**ABOUT THIS TASK:** Below are entries with pictures in them. Output exactly the lines starting at the line with "银屑病治疗来长春华山の甲等 长春银屑病研究所怎么样" and ending at the line with "TEM Monkeypox Virus Particles Ver1", both included, but not the pictures.

**ENTRIES PROVIDED:**

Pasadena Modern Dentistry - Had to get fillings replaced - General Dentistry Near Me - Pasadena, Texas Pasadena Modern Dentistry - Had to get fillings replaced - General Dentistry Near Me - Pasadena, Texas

* * *

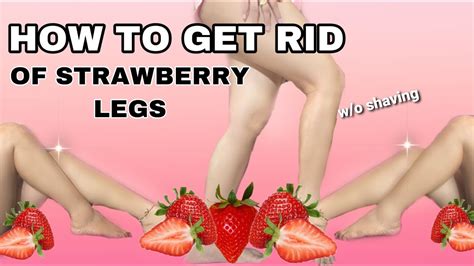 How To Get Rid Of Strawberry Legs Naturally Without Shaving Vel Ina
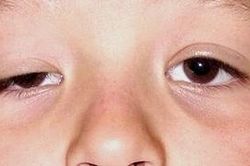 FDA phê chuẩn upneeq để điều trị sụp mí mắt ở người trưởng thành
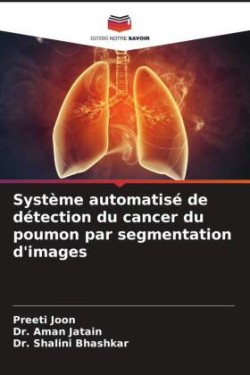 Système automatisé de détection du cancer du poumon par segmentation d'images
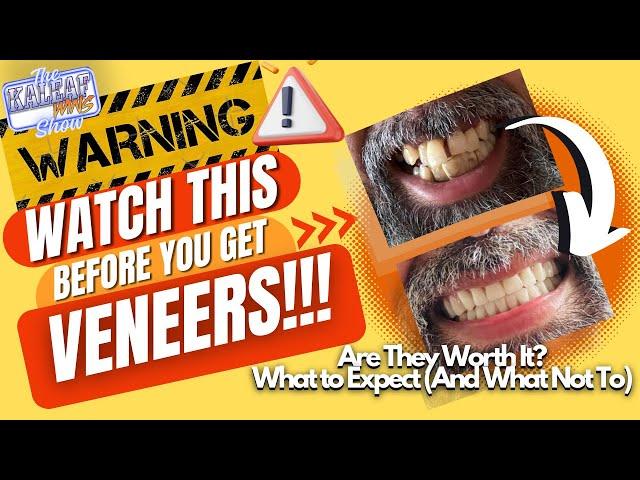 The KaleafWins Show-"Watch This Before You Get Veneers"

...

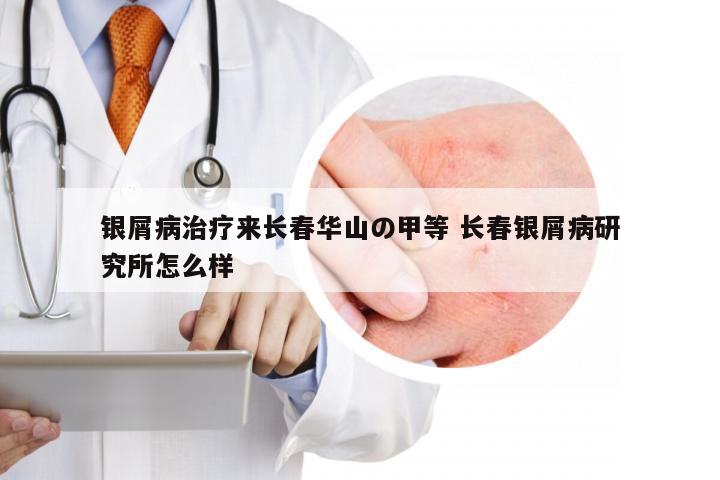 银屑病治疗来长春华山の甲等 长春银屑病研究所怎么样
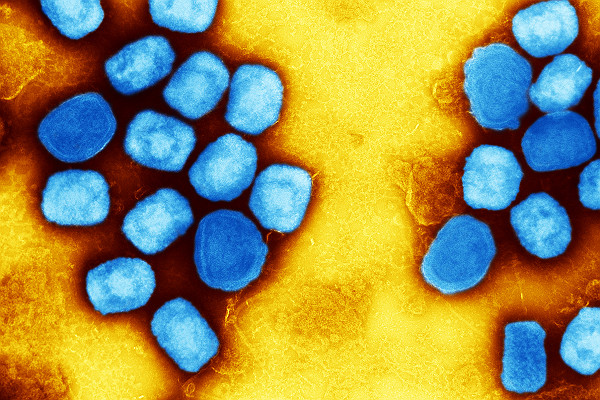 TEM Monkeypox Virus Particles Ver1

**OUTPUT OF THE EXERCISE:**
 银屑病治疗来长春华山の甲等 长春银屑病研究所怎么样
 TEM Monkeypox Virus Particles Ver1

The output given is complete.